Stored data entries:
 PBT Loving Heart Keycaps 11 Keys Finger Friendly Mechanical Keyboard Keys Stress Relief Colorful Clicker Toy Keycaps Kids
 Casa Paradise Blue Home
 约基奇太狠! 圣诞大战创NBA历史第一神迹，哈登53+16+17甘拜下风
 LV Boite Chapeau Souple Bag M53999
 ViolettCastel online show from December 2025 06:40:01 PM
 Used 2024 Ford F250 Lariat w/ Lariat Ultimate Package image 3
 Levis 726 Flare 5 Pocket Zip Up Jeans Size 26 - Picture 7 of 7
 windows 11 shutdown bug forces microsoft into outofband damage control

**Assignment:** Lines from the one containing "Used 2024 Ford" to the end of the data are to be printed exactly, including the first and last.

**Result:**
 Used 2024 Ford F250 Lariat w/ Lariat Ultimate Package image 3
 Levis 726 Flare 5 Pocket Zip Up Jeans Size 26 - Picture 7 of 7
 windows 11 shutdown bug forces microsoft into outofband damage control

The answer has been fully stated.